§ **Task brief**
Among the entries below, extract exactly the lines that run from the one with "Typical street scene" through the one with "2002 Ford Explorer", both ends included.

§ **Given data**

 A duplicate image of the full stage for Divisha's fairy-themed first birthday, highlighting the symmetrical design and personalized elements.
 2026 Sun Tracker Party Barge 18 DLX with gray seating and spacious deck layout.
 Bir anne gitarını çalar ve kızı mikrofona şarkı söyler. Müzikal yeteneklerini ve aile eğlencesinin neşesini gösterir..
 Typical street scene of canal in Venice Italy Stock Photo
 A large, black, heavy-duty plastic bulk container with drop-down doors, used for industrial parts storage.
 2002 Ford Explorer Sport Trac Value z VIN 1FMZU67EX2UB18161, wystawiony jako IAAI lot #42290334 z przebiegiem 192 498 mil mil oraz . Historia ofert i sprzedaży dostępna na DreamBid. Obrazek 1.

--

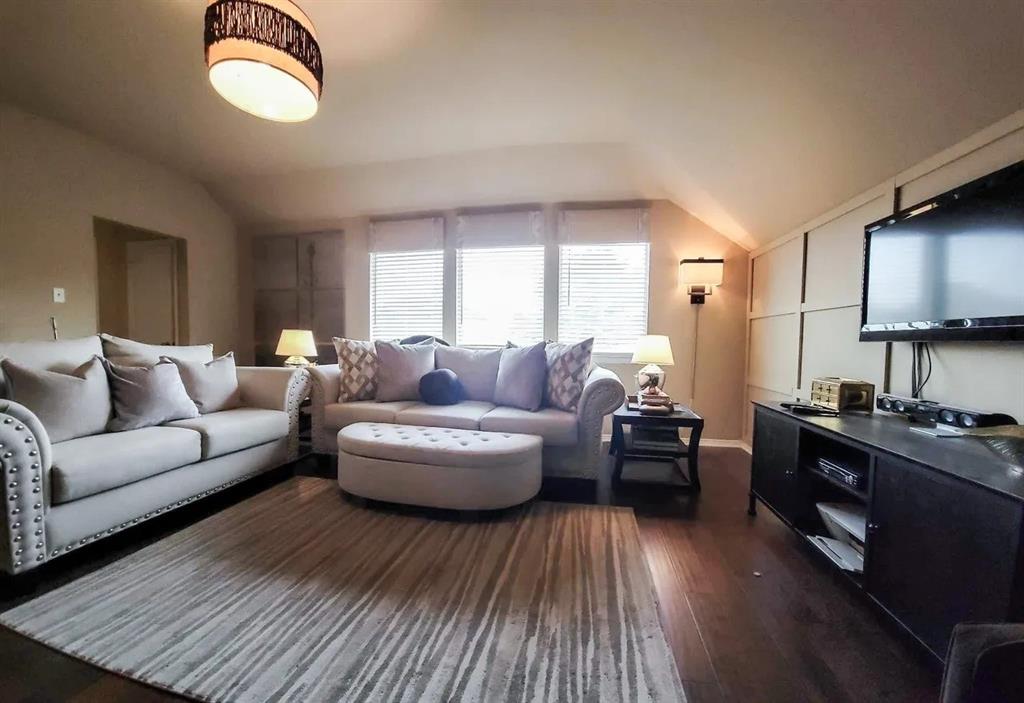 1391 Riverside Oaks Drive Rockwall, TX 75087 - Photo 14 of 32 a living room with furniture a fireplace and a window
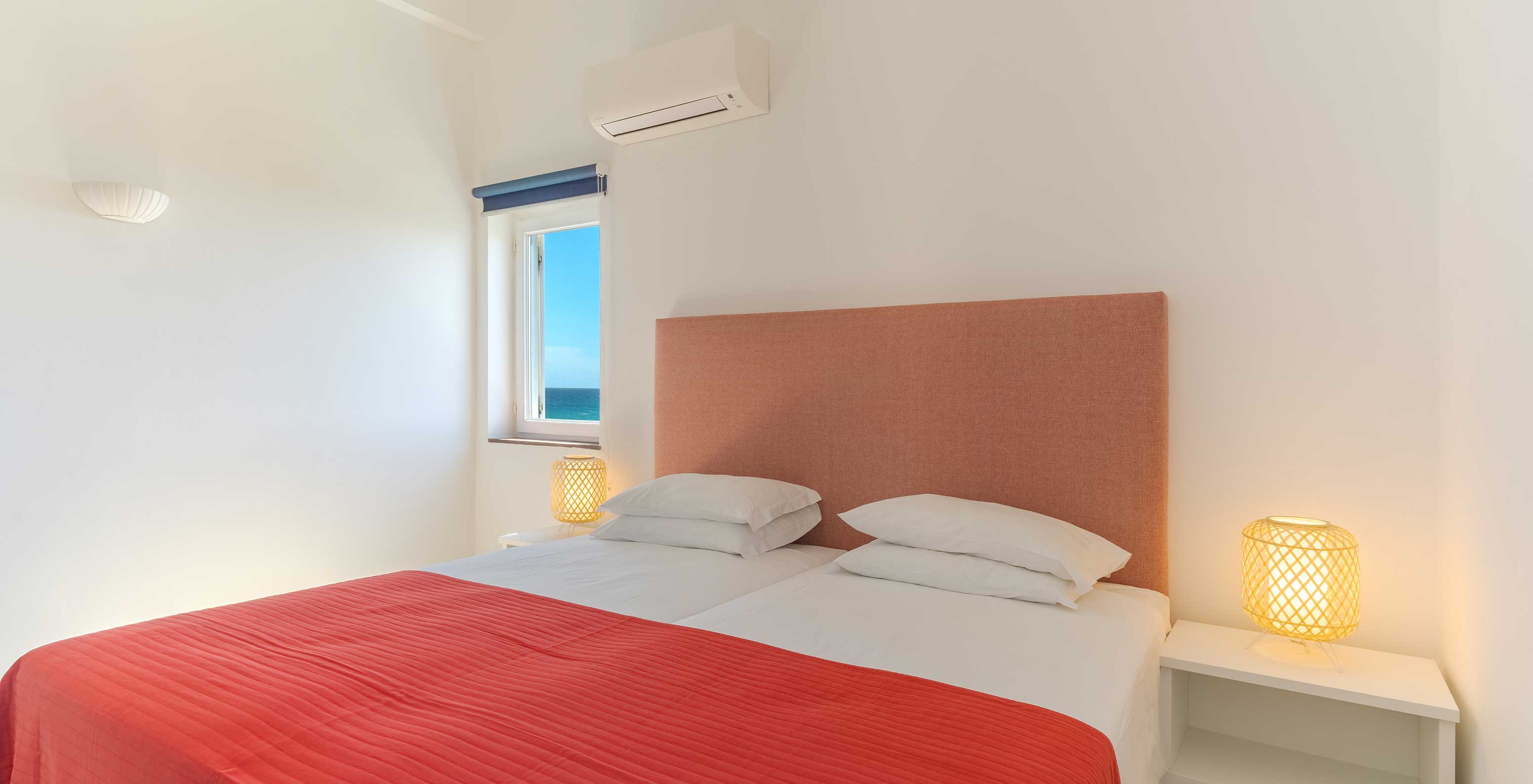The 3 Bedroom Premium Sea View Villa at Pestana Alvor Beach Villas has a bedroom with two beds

§ **Finished task**
 Typical street scene of canal in Venice Italy Stock Photo
 A large, black, heavy-duty plastic bulk container with drop-down doors, used for industrial parts storage.
 2002 Ford Explorer Sport Trac Value z VIN 1FMZU67EX2UB18161, wystawiony jako IAAI lot #42290334 z przebiegiem 192 498 mil mil oraz . Historia ofert i sprzedaży dostępna na DreamBid. Obrazek 1.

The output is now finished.